NEWS STORY: Catholic Church, Finding Freedom, Growing in Kosovo

c. 2000 Religion News Service PRIZREN, Yugoslavia _ Throughout Kosovo, there are two major kinds of churches, Roman Catholic and Serbian Orthodox. It is easy to tell the difference. The Serbian Orthodox churches are notable for the NATO tanks parked outside, for the rows of coiled razor wire, for the sandbagged guardposts and for the […]

c. 2000 Religion News Service

PRIZREN, Yugoslavia _ Throughout Kosovo, there are two major kinds of churches, Roman Catholic and Serbian Orthodox. It is easy to tell the difference.

The Serbian Orthodox churches are notable for the NATO tanks parked outside, for the rows of coiled razor wire, for the sandbagged guardposts and for the soldiers with automatic weapons who demand identification from visitors.


Roman Catholic churches in Kosovo are unguarded and unfortified.

Kosovo’s 60,000 Catholics, who make up about 4 percent of the province’s population, are enjoying a period of long-awaited freedom and growth. At the same time, the once dominant Serbian Orthodox Church is under steady attack from ethnic Albanian Muslims here who identify the Serbian church with decades of government discrimination. Because the vast majority of Kosovo Catholics are ethnic Albanians, there is little of the ethnic animosity that divides Orthodox Serbs and Muslim Albanians.

In a recent interview in his residence in Kosovo’s second-largest city, Roman Catholic Bishop Marko Sopi spoke brightly of the church’s future in the brutalized province where a NATO-led military force and a United Nations administration are slowly restoring order.

“If the economic conditions get better, we will grow. The birth rate is high and as long as people stay here, we will grow,” said Sopi, 62, noting that Catholic and Muslim families in Kosovo typically include four or five children.

An improving Kosovo economy may also lure back some of the 40,000 Kosovar Catholics who make up Albanian-language parishes in Croatia, Austria, Germany and Detroit, Sopi said.
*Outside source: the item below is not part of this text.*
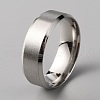201 Stainless Steel Plain Band Ring for Men Women RJEW-WH0010-06H-MP-1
The Vatican, too, would appear to have confidence in Kosovo’s Catholics. In late June, it declared the province an apostolic administration and named Sopi apostolic administrator. Under canon law, apostolic administrations are forerunners to full-fledged dioceses in regions where a diocesan structure is not practical. Previously, Kosovo was part of the diocese of Skopje, Macedonia, a country that achieved independence from Yugoslavia in 1991.

If current trends continue, Roman Catholicism will supplant Serbian Orthodoxy as the dominant Christian faith in Kosovo.
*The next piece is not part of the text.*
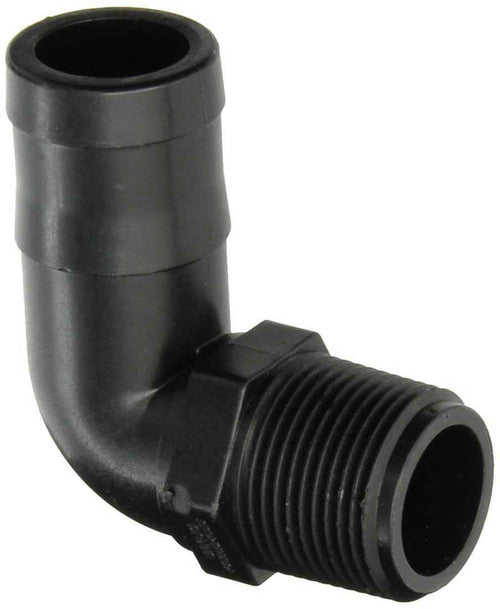 Banjo HB100/125-90: 90° Hose Barb Fitting - 1" MPT x 1 1/4" Hose Barb
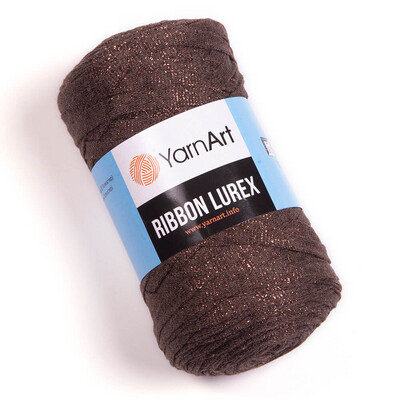 YarnArt Ribbon Lurex 736 - Brown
About 150,000 Serbs have fled Kosovo in the last year since NATO forces led the return of ethnic Albanians. That leaves roughly 100,000 nominally Orthodox Serbs behind, living in a hostile and dangerous environment.


Bishop Sopi, a genial man with an authoritative bearing, said in an earlier interview that local Serbs’ flight from Kosovo was a natural process.
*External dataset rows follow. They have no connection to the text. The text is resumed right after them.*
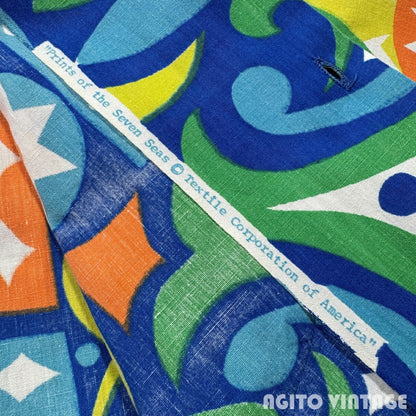 TOWNCRAFT 60s PENNEY'S Print Cotton S/S Shirt Size L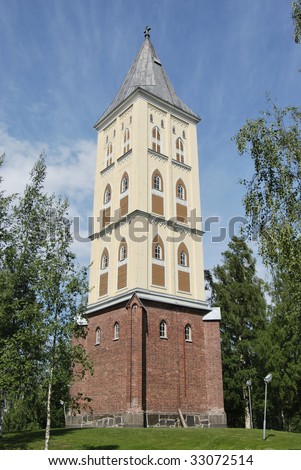 Ancient sweden church in Lappeenranta, Eastern Finland.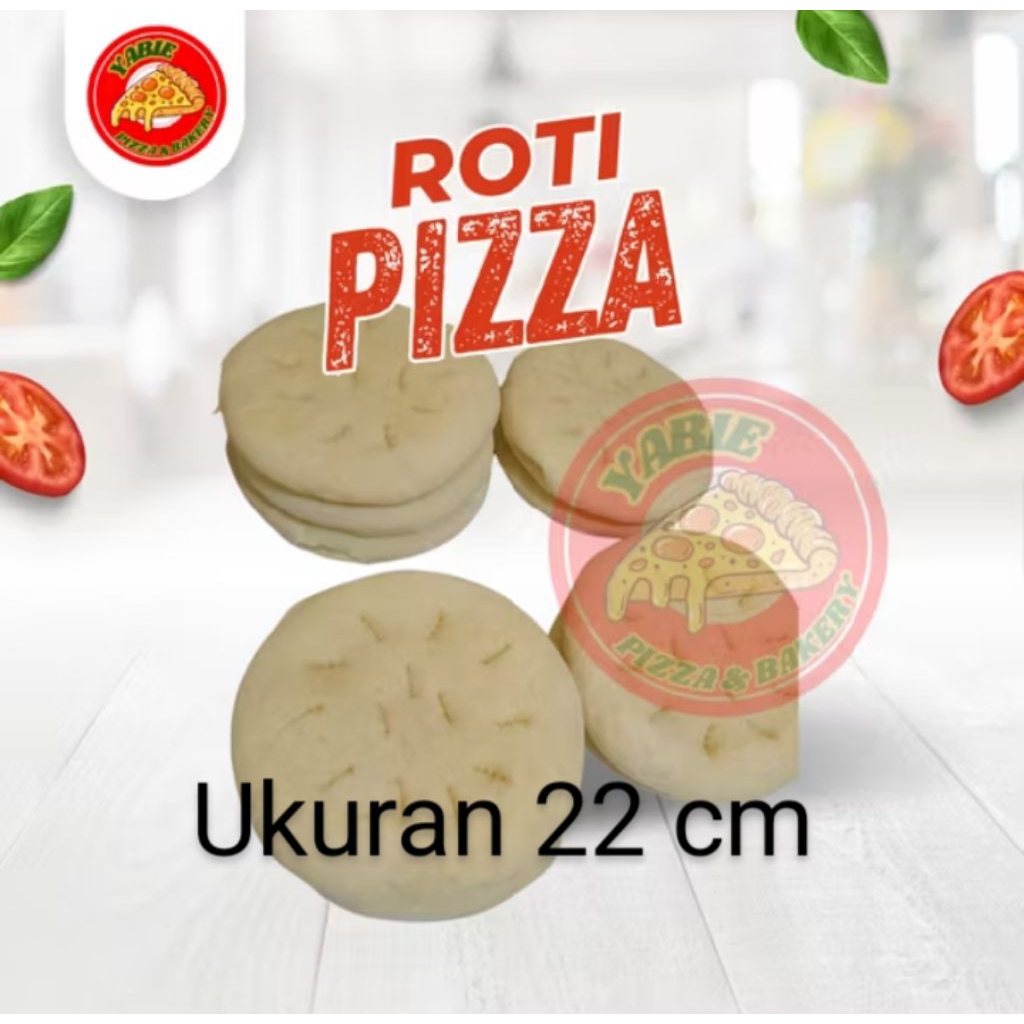 

Base Pizza 22 cm - Adonan Pizza - pizza bese - pizza dough isi 1 pcs Uk. 22cm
“One thing must be clear: The Serbs did not just run to Serbia because the Albanians were driving them out,” he said, adding that the Serbs “behaved themselves very badly for the last 10 years and especially during the war, so they have reason to fear for their lives.”

During 78 days of NATO bombing and Serb attacks on Albanian Kosovars, Sopi remained in Kosovo along with the vast majority of his 36 priests and 70 nuns.

He said Catholics were not subject to discrimination for their faith. Muslim leaders, however, say 217 mosques in the region have been damaged. Serbian Orthodox clergy cite 80 churches and monasteries that have been desecrated.

With plenty of priestly vocations, pledges from Western Catholic organizations to construct a first-ever Catholic kindergarten and primary school and warm relations with politically ascendant Kosovar Muslims, the Catholic church here is poised to grow at a rate not seen since the late 19th century when Ottoman rulers permitted a flurry of church building.

Aside from the demographic dynamic created by departing Serbs and highly fertile Kosovar Catholics, some longtime parishioners say the Catholic Church will grow simply because it has a better image.


“Catholicism is more civilized and the people of Kosovo have seen that,” said Pal Kukeli, 55, a Catholic farmer taking a cigarette break from an ordination Mass on a recent Saturday in Kosovo’s capital, Pristina.

“We are turning toward Europe. The Catholic church will grow without a doubt.” Bahtir Hamza, another Catholic taking a break during the 2 1/2-hour ordination service attended by dozens of clergy and three Catholic hierarchs from the Balkans, said he was a rarity in Kosovo: a Muslim who converted to Catholicism.

Since converting, Hamza, a 44-year-old writer, said he has encountered opposition from neighbors in his Muslim village to the idea of converting his home into a Roman Catholic Church.

“I believe that every Albanian is a Catholic,” said Hamza, a lively man sporting a white goatee. “The people who are Muslims were forced to be that way by the Turks. This is the disaster that befell the Albanian people.”

Despite the neighbors’ hostility, Hamza vowed, “I will make my house a church so we can destroy the primitivism of Islam.”

Such views do not appear to be widely held. Bishop Sopi takes pains to emphasize his post-war work on Kosovo’s Interreligious Council with Kosovo’s Grand Mufti Rexhep Boja and Serbian Orthodox Bishop Artemije Radosavljevic.


According to Andreas Szolgyemy, the Organization for Security and Cooperation in Europe’s religion adviser in Kosovo, Catholics and Muslims have long enjoyed close relations in the region. He related his experience attending two religious holidays last winter in Pristina, Kosovo’s capital.

“At midnight Mass Christmas, in the Catholic church, I would say that half the (2,000) OR 3,000 people were Muslims,” said Szolgyemy, adding that several weeks later he went to a Muslim event attended by about 100,000 people marking the end of Ramadan. “I was told that 500 or 600 of the people there were Catholics.”